TASK TO COMPLETE: Reproduce the listing below in full and exactly; no pictures belong in the copy.

MATERIAL TO PROCESS:
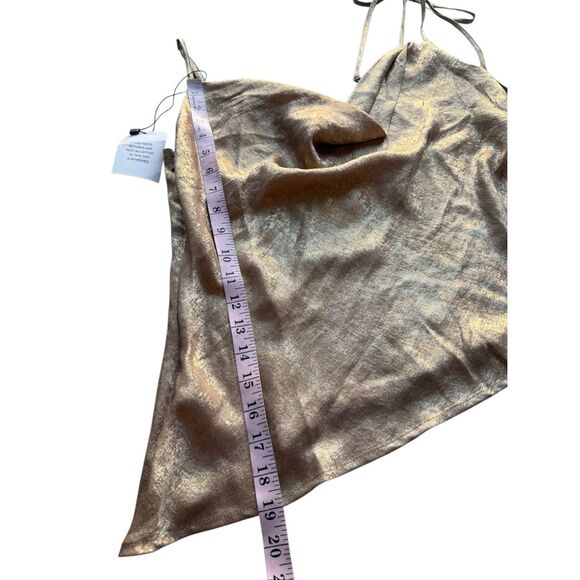 Revolve Superdown Paz Tank Top in Gold Size M - Picture 10 of 11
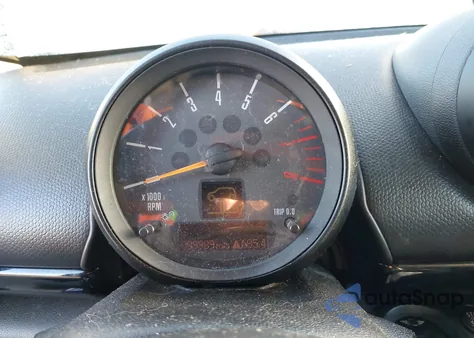 2016 Mini Paceman Cooper S z USA, uszkodzony, nr VIN WMWSS7C57GWS45174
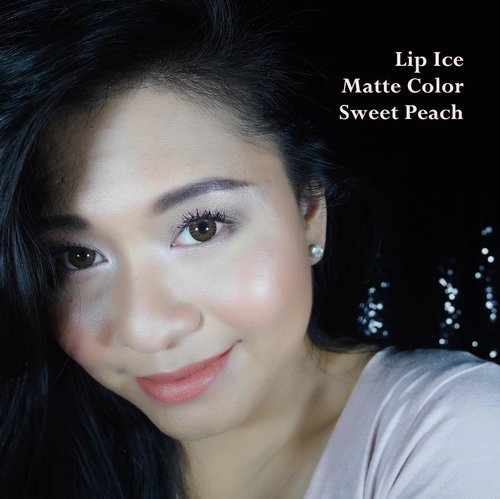 Swipe ➡️➡️➡️
Lipstick Matte gemas dari @lipice_id sudah ada di #kikicasmitaBlog ; link-nya sudah ada di Bio.
Disini Kicas lagi pakai 2 warna Lip Ice Matte Color, Sweet Peach & Sweet Pink. Lembut dan gak bikin bibir kering. Kemasannya juga gak ringkih. ♥️ #LipIceMatteSeries #LipIceMatteColor #LipIceIndonesia •
#StartWithLipIce #ListenToYourLips #LipIce #Lipstick  #ClozetteID #mattelipstick #MakeupLover #makeuplovers #makeupjunkie #makeupblogger #beautylover #beautyblog #RohtoIndonesia #beautygram #indobeautygram #indobeautyblogger #beautybloggerindonesia #BeautyBloggerIndo #lumixindonesia #100daysofmakeup #tampilcantik #lipstickjunkie #lipmatte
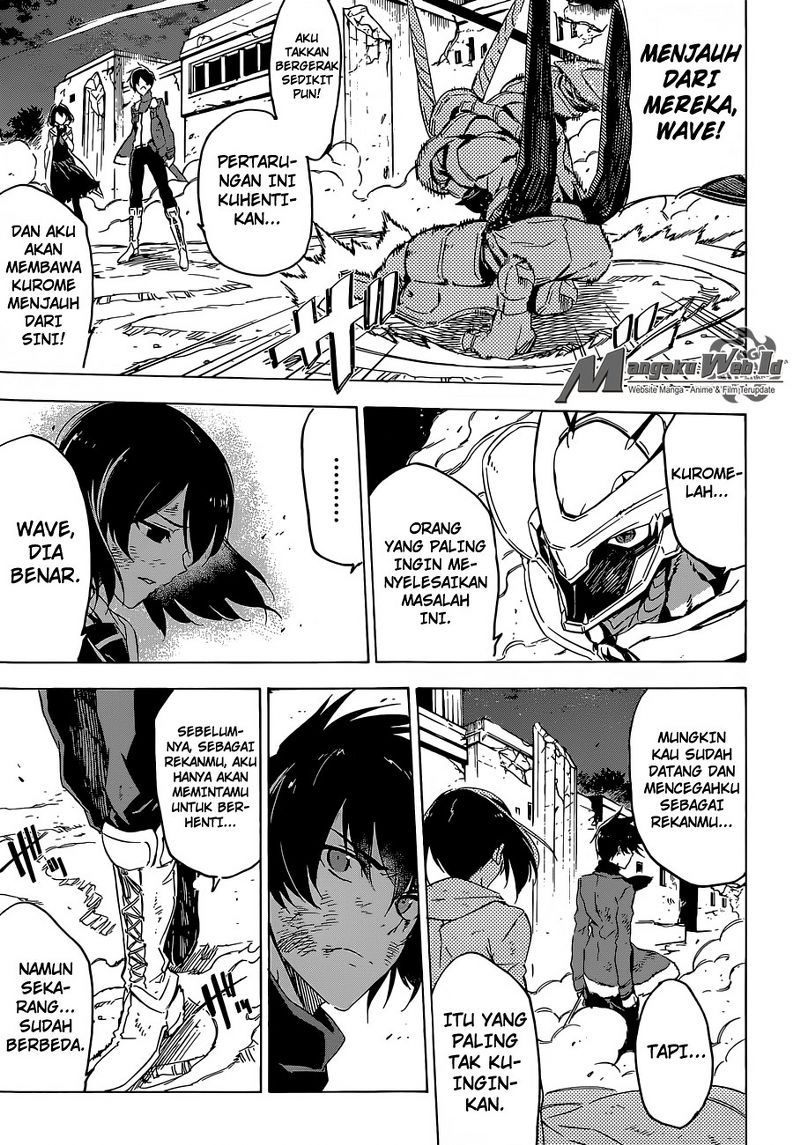 Akame ga Kill! Chapter 66 - halaman 33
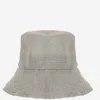 Reinhard Plank Light Grey Bucket Hat In Light Grey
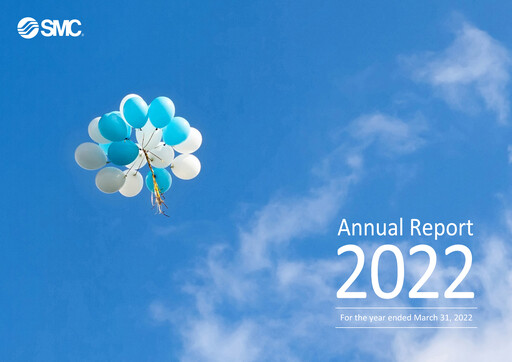 Thumbnail SMC corp Annual Report 2022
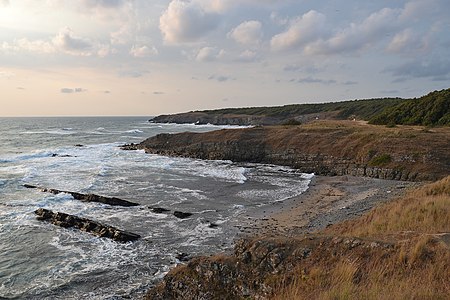 Sinemorec, Bulgaria - beach in the morning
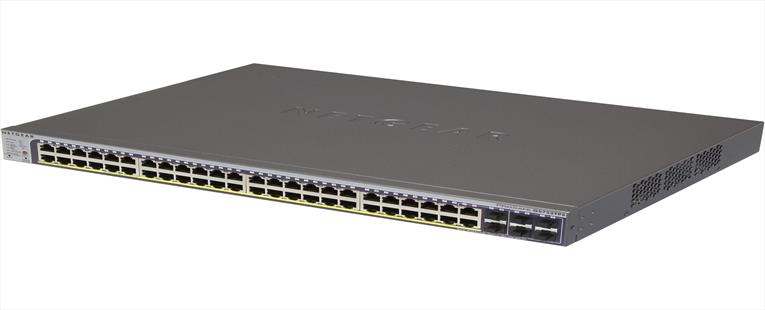 NETGEAR ProSafe 52-port Gigabit Smart Stackable Switch with PoE - 2nd generation (GS752TPSB)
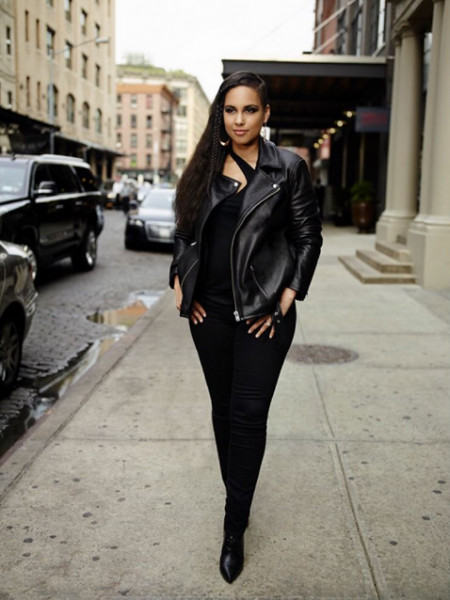 Alicia Keys for Levi's - BellaNaija - July2015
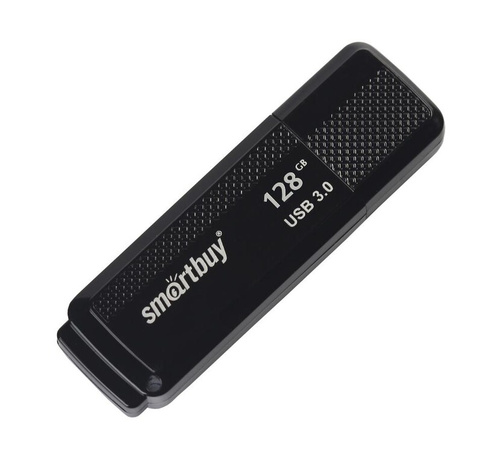 USB 3.0 Flash накопитель 128GB SmartBuy Dock (чёрный)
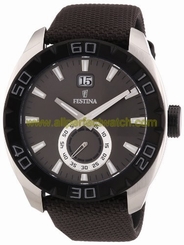 Festina Watches : F16674/2 Quartz Black Men Watch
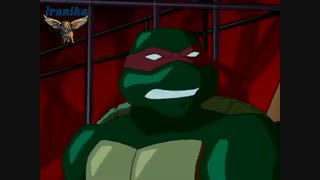 کارتون لاکپشت های نینجا با دوبله فارسی  فصل1قسمت13 TMNT S01E013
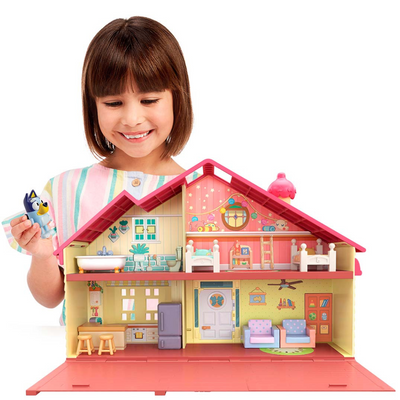 Bluey's Family Home Playset [Includes Bluey Figure]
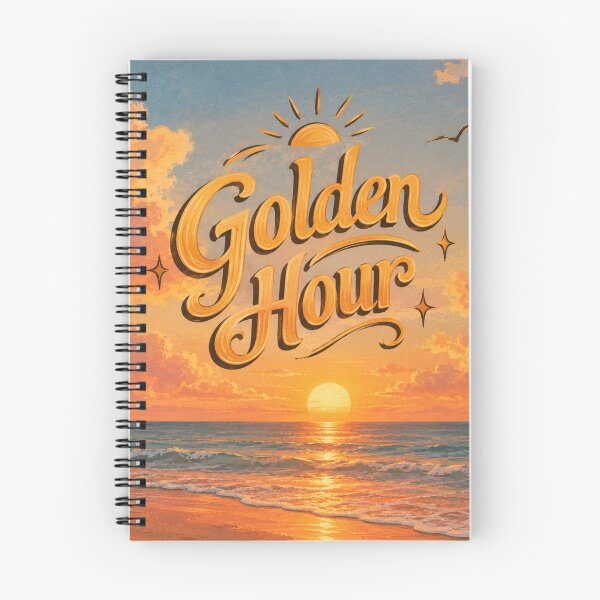 Item preview, Golden Hour Sunset Beach Aesthetic designed and sold by Snikdha.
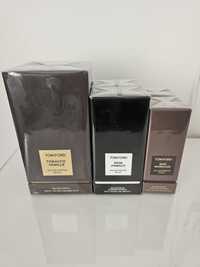 Parfum Tom Ford Tabacco Vanille , Rose D’amalfi , Bois Marocain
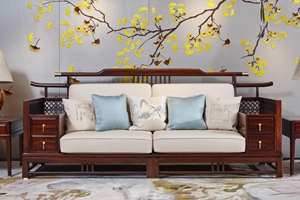 新中式+高級煙灰藍，打造極美中式設(shè)計！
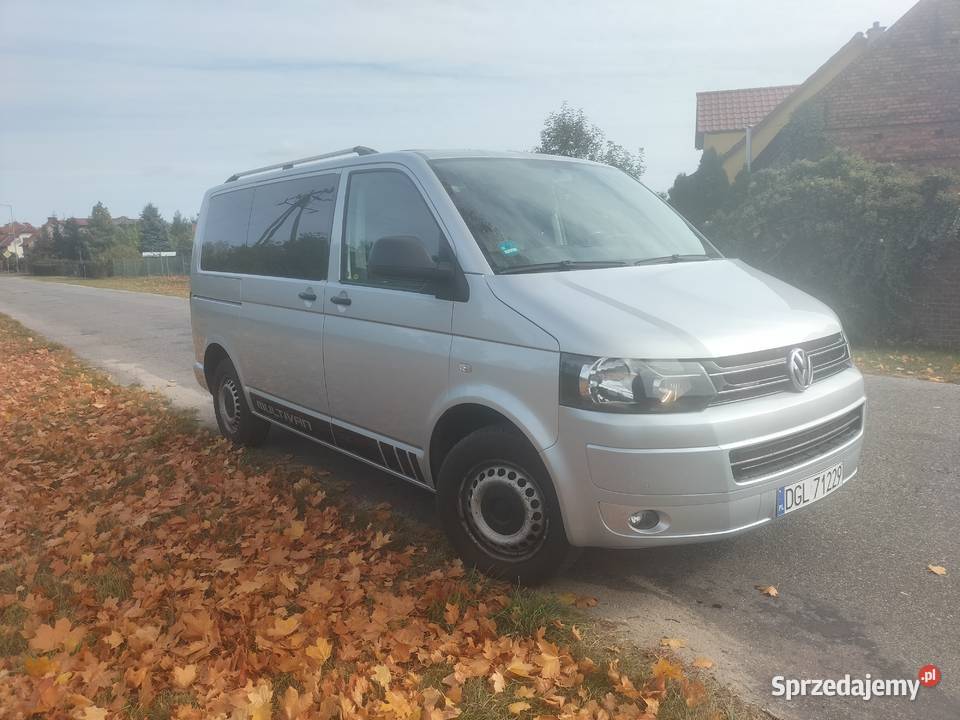 Volkswagen T5 multivan automat Głogów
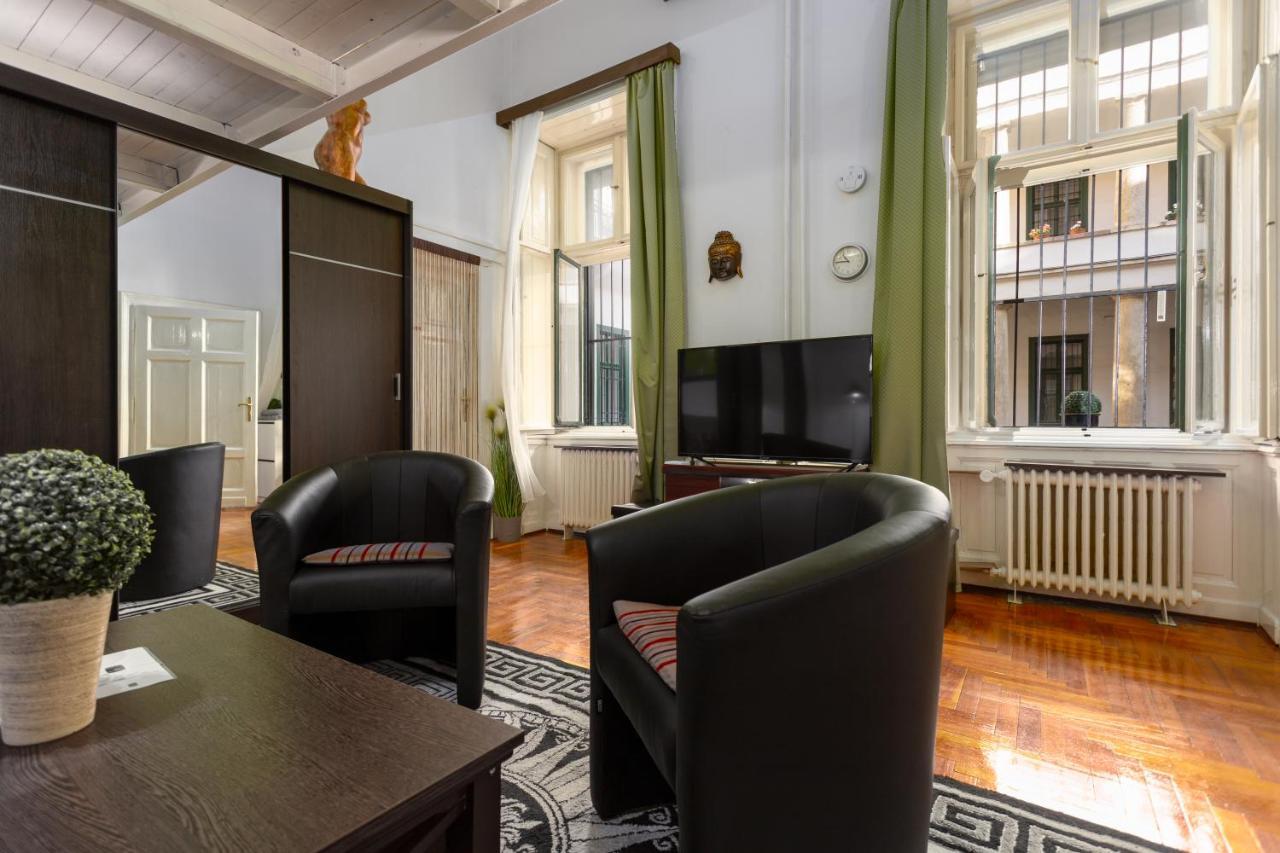 Home City Center Terrace Apartment Budapest Exterior foto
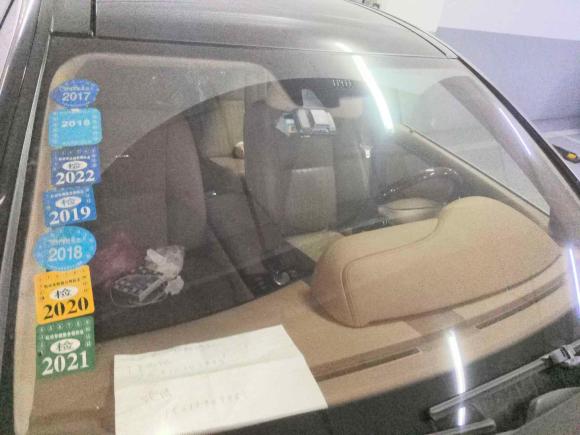 [上海·沪A] 二手奔驰奔驰S级2008款 S 600 L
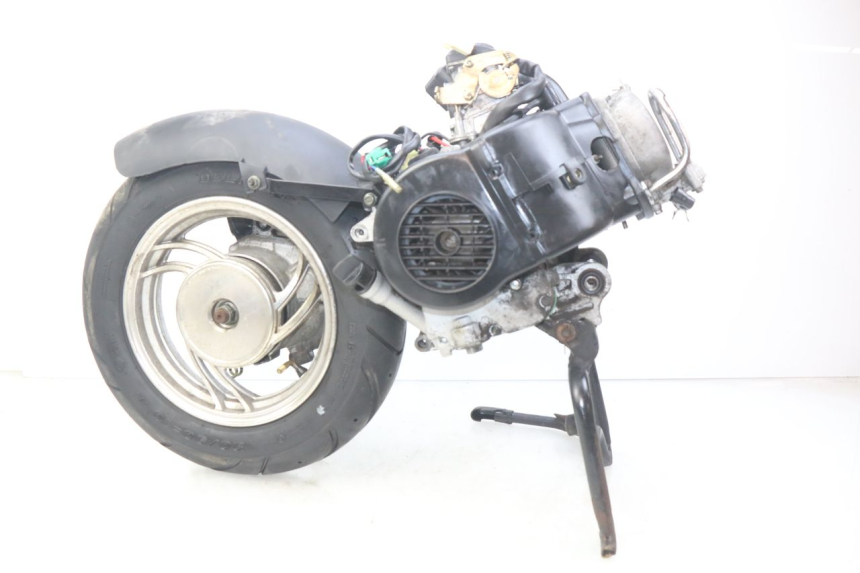 photo de MOTOR JM MOTORS SC 4T 50 (2012 - 2017) - Primer plano técnico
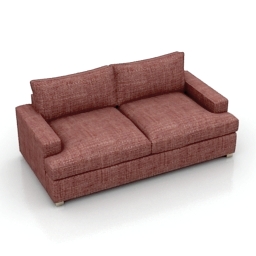 Sofa Lester Dantone home 3d model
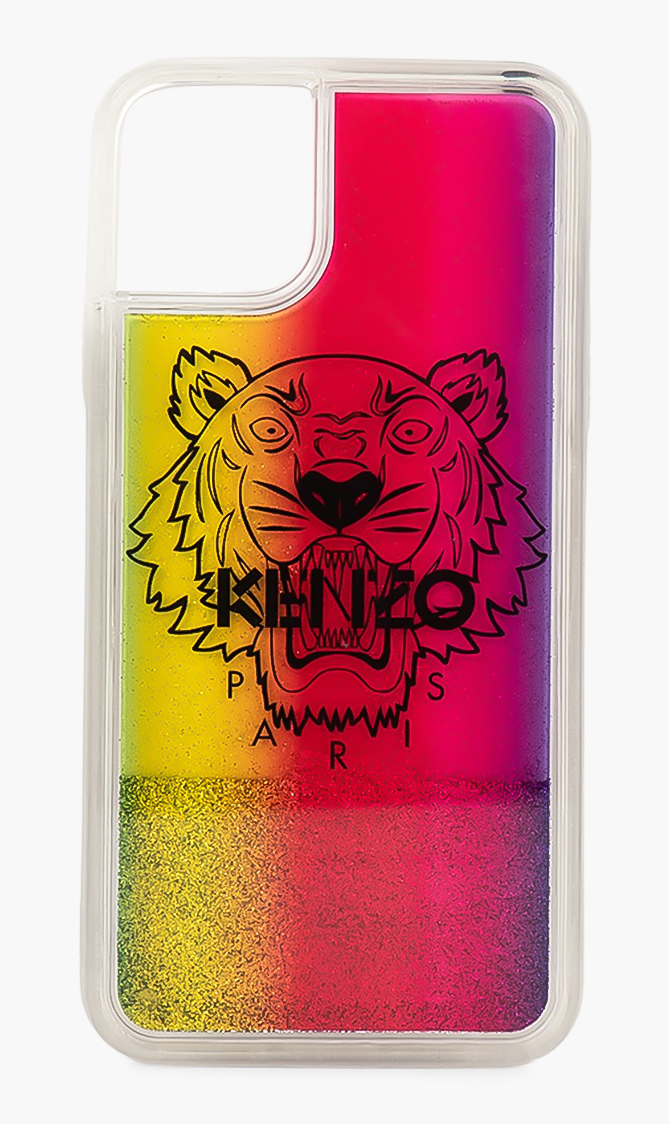 

Kenzo Tiger Head Liquid Glitter Iphone 11 Pro Max Case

SOLUTION FOR THIS TASK:
 Revolve Superdown Paz Tank Top in Gold Size M - Picture 10 of 11
 2016 Mini Paceman Cooper S z USA, uszkodzony, nr VIN WMWSS7C57GWS45174
 Swipe ➡️➡️➡️
Lipstick Matte gemas dari @lipice_id sudah ada di #kikicasmitaBlog ; link-nya sudah ada di Bio.
Disini Kicas lagi pakai 2 warna Lip Ice Matte Color, Sweet Peach & Sweet Pink. Lembut dan gak bikin bibir kering. Kemasannya juga gak ringkih. ♥️ #LipIceMatteSeries #LipIceMatteColor #LipIceIndonesia •
#StartWithLipIce #ListenToYourLips #LipIce #Lipstick  #ClozetteID #mattelipstick #MakeupLover #makeuplovers #makeupjunkie #makeupblogger #beautylover #beautyblog #RohtoIndonesia #beautygram #indobeautygram #indobeautyblogger #beautybloggerindonesia #BeautyBloggerIndo #lumixindonesia #100daysofmakeup #tampilcantik #lipstickjunkie #lipmatte
 Akame ga Kill! Chapter 66 - halaman 33
 Reinhard Plank Light Grey Bucket Hat In Light Grey
 Thumbnail SMC corp Annual Report 2022
 Sinemorec, Bulgaria - beach in the morning
 NETGEAR ProSafe 52-port Gigabit Smart Stackable Switch with PoE - 2nd generation (GS752TPSB)
 Alicia Keys for Levi's - BellaNaija - July2015
 USB 3.0 Flash накопитель 128GB SmartBuy Dock (чёрный)
 Festina Watches : F16674/2 Quartz Black Men Watch
 کارتون لاکپشت های نینجا با دوبله فارسی  فصل1قسمت13 TMNT S01E013
 Bluey's Family Home Playset [Includes Bluey Figure]
 Item preview, Golden Hour Sunset Beach Aesthetic designed and sold by Snikdha.
 Parfum Tom Ford Tabacco Vanille , Rose D’amalfi , Bois Marocain
 新中式+高級煙灰藍，打造極美中式設(shè)計！
 Volkswagen T5 multivan automat Głogów
 Home City Center Terrace Apartment Budapest Exterior foto
 [上海·沪A] 二手奔驰奔驰S级2008款 S 600 L
 photo de MOTOR JM MOTORS SC 4T 50 (2012 - 2017) - Primer plano técnico
 Sofa Lester Dantone home 3d model

Kenzo Tiger Head Liquid Glitter Iphone 11 Pro Max Case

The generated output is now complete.